Now in these days of multiple cores, caches, You lose track a bit. Take this example: https://www.solid-run.com/arm-server...b-workstation/
That has 16Core A-72 Arm Cores @2Ghz. For networking, they are imho vastly overspecified. They offer

• 1×100Gbps nic or 4×25Gbps nics
• Also 4×10Gbps nics

I looked at this and it didn't add up. Now they've a set of 2 DIMMs so maybe it's 8 cores each, but still it didn't seem to compute. I sent some searching questions.I got a reply back on the state of software progress, and a link to their software forum. It's definitely a Software WIP. A 10Gbps nic is only doing 2.5Gbps unless they use a 'passthrough IOMMU' in which case it's 6.5-7Gbps. They're telling me they'll get more cores talking to the nics, but haven't done the software yet.

• Sure it's got 16 Cores, but how much use are they?
• Could that thing ever keep a 100GB Nic at top whack?
• what on earth is going on instead of the single buses of old?
• What sort of bus bandwidth do you need to feed a 100Gb (10 GigaBytes per second) NIC?
• How does the IOMMU become the bottleneck?

EDIT: Just Found this: https://www.solid-run.com/arm-server...b-workstation/

OK. I've timed out on this. Marking it solved.

I consider myself a hardware guy, with designs under my belt. But It appears everyone is like me - they don't have a clue.
I'm going to grab some figures and play with them to see what I can come up with. If I crack it, I'll report back.
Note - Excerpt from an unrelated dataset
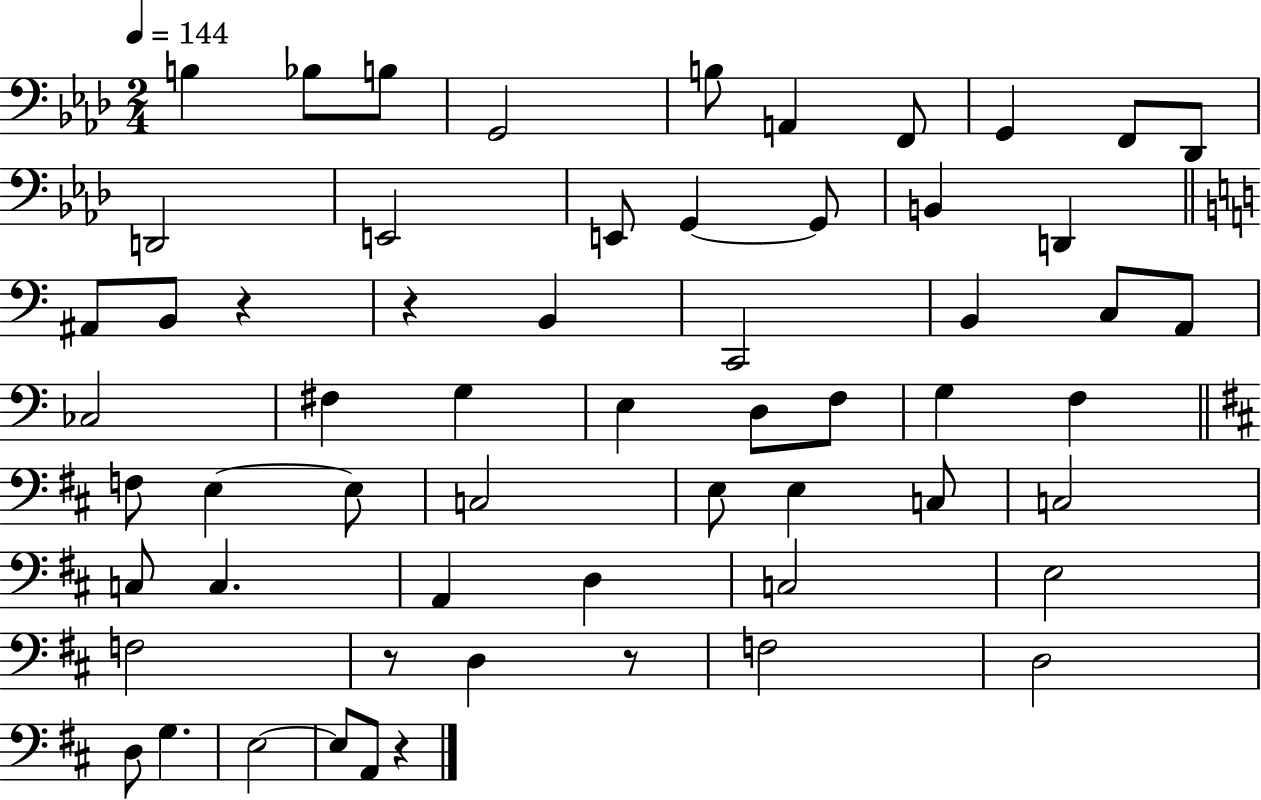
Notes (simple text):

B3/q Bb3/e B3/e G2/h B3/e A2/q F2/e G2/q F2/e Db2/e D2/h E2/h E2/e G2/q G2/e B2/q D2/q A#2/e B2/e R/q R/q B2/q C2/h B2/q C3/e A2/e CES3/h F#3/q G3/q E3/q D3/e F3/e G3/q F3/q F3/e E3/q E3/e C3/h E3/e E3/q C3/e C3/h C3/e C3/q. A2/q D3/q C3/h E3/h F3/h R/e D3/q R/e F3/h D3/h D3/e G3/q. E3/h E3/e A2/e R/q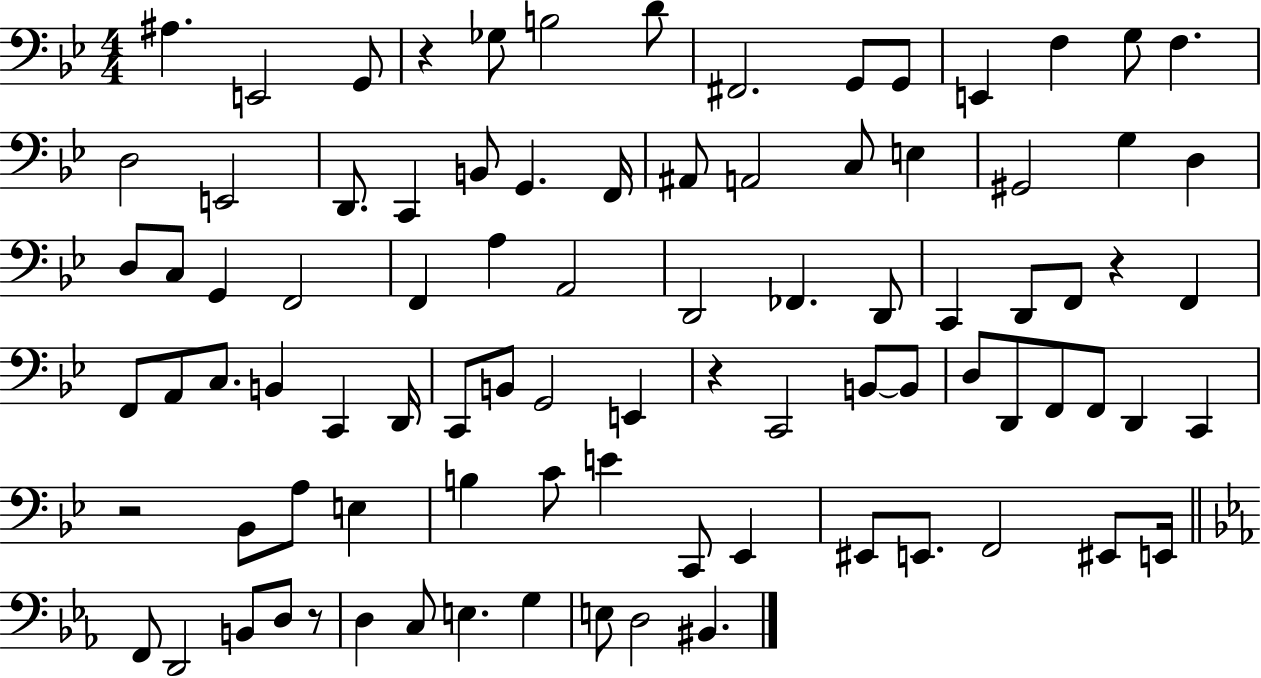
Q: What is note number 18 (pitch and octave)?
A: B2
Right, I kinda got this as clear as it's ever going to to be.

On the old IBM XT/AT, there was ONE cpu, ONE address & DATA bus, and life was simple. Now it's extremely complex. Sitting at several GHZ are your cpu cores, and everything else is throttled to some extent.

Using 2 DIMMS, there's a 128 line Memory bus. The last ram I read up on ram, it had a 6-1-1-1 access cycle. That means (I think):Fresh Address = 6 Cycles wait; then by a 64bit cpu doing a 128 bit read, you should get 2 successive reads in 2 cycles (so 8 cycles total for a fresh ram address); increment the address, and another 2 reads = 3 cycles, and so on. Now the ram can't go at core speed so that's throttled back a bit.

Then, rather than one distributed parallel bus, there's many highly efficient serial i/os dedicated to different parts. SATA, for example uses one lane and maxes out around 500 Mb/S on an SSD. But NVMe sits in a PCIE slot and can use more (16?) lanes to get to ~3GB/S which is seriously fast. USB 1/2/3 get their own slower speeds, and it kind of becomes obvious why GPIO is such a pain in the butt.Caches are thrown around like confetti, and everyone is happy. This gets you away from the hard physical addressing of days of yore, because all µP support chips had fixed physical addresses, which was a hacker's dream come true. So bus bandwidth is sales talk, unless somebody can explain exactly what it means. But it probably relates to the potential; All other things being equal, the more cores (at the same speed)the more potential bus bandwidth, if the I/O lanes are correctly routed. It kinda makes me glad I've retired.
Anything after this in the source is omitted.